EXERCISE INSTRUCTIONS →
Everything in the entries below must be reproduced exactly, except the images.

== Segment start ==

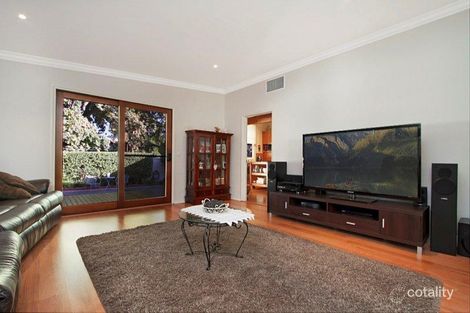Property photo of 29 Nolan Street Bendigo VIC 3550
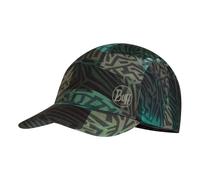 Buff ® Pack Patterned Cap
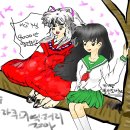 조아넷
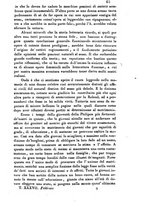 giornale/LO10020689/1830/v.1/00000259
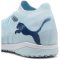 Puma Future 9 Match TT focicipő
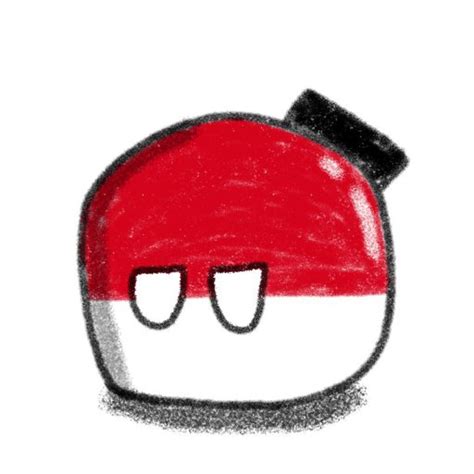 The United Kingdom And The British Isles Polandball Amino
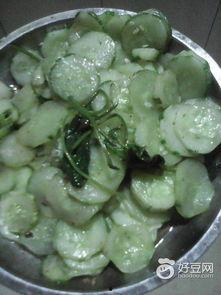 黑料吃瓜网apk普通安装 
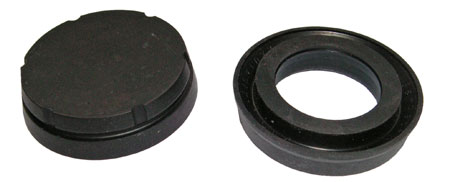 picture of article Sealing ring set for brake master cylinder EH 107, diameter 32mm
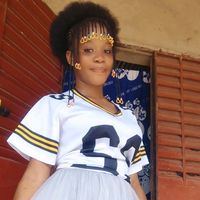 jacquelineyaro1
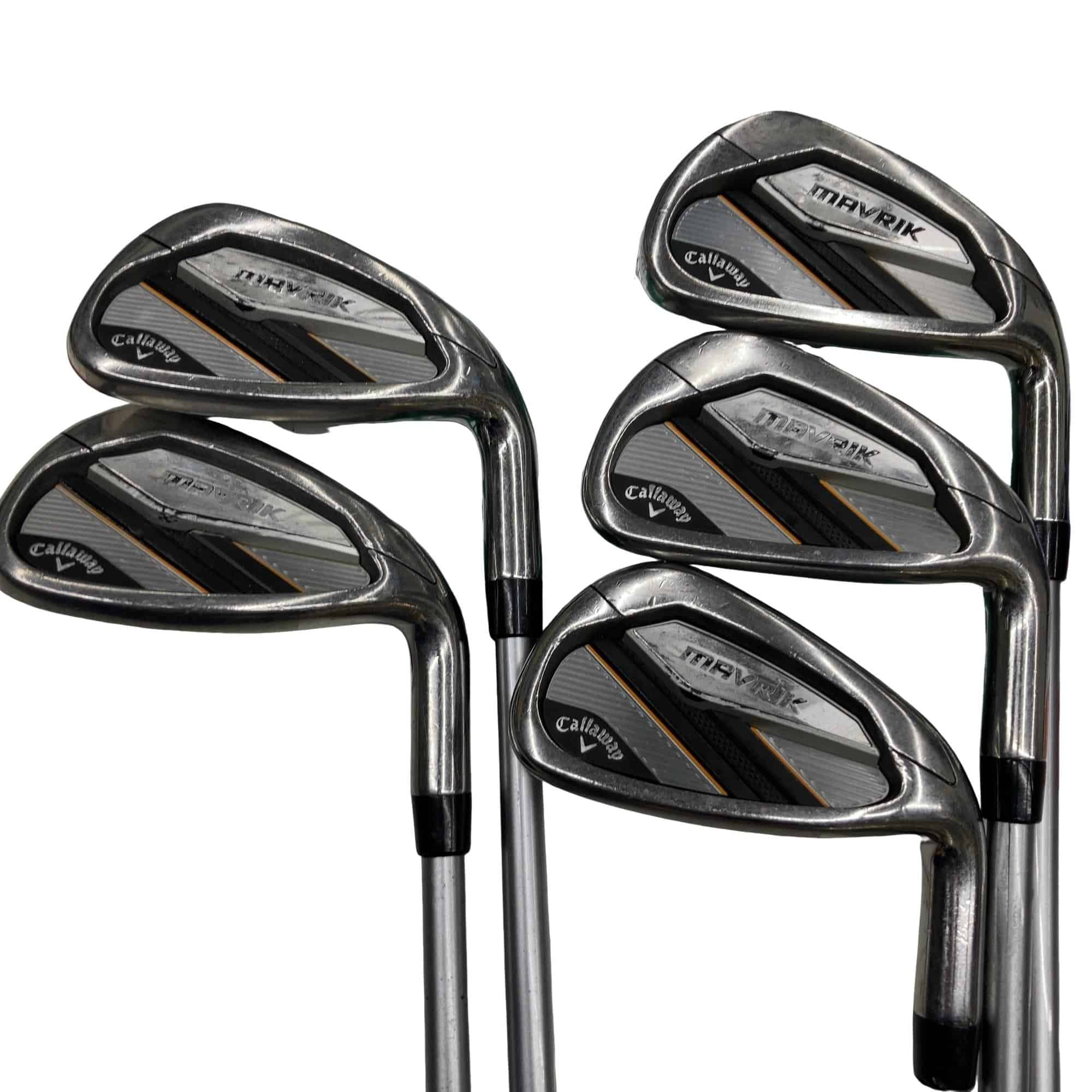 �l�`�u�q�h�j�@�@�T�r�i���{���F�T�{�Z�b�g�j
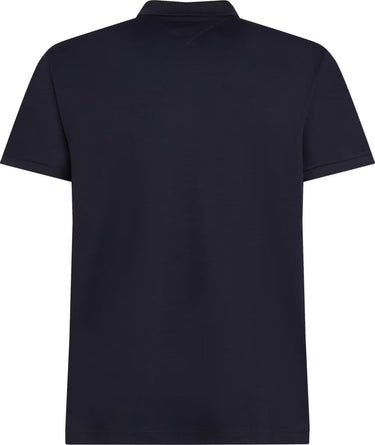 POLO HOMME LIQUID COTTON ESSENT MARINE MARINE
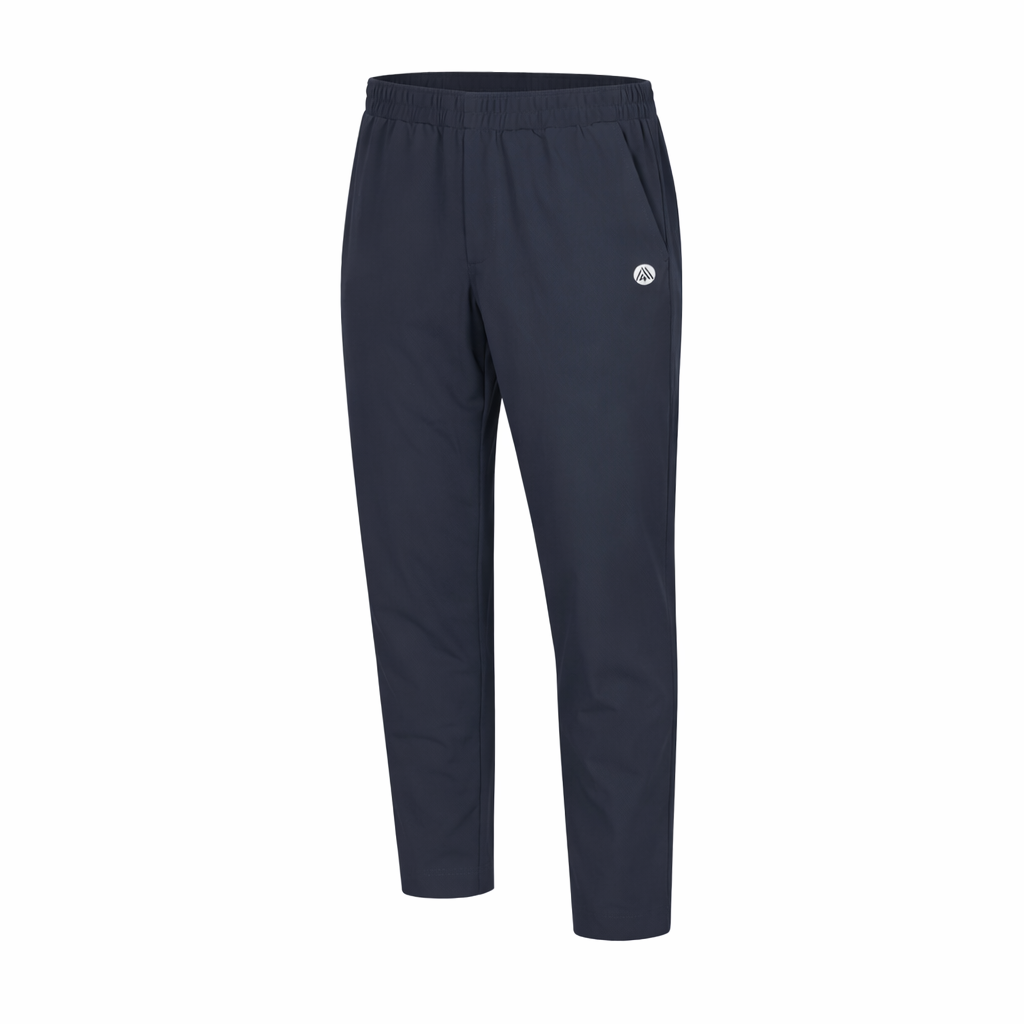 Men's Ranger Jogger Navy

== Segment end ==

ANSWER BOX →
Property photo of 29 Nolan Street Bendigo VIC 3550
 Buff ® Pack Patterned Cap
 조아넷
 giornale/LO10020689/1830/v.1/00000259
 Puma Future 9 Match TT focicipő
 The United Kingdom And The British Isles Polandball Amino
 黑料吃瓜网apk普通安装 
 picture of article Sealing ring set for brake master cylinder EH 107, diameter 32mm
 jacquelineyaro1
 �l�`�u�q�h�j�@�@�T�r�i���{���F�T�{�Z�b�g�j
 POLO HOMME LIQUID COTTON ESSENT MARINE MARINE
 Men's Ranger Jogger Navy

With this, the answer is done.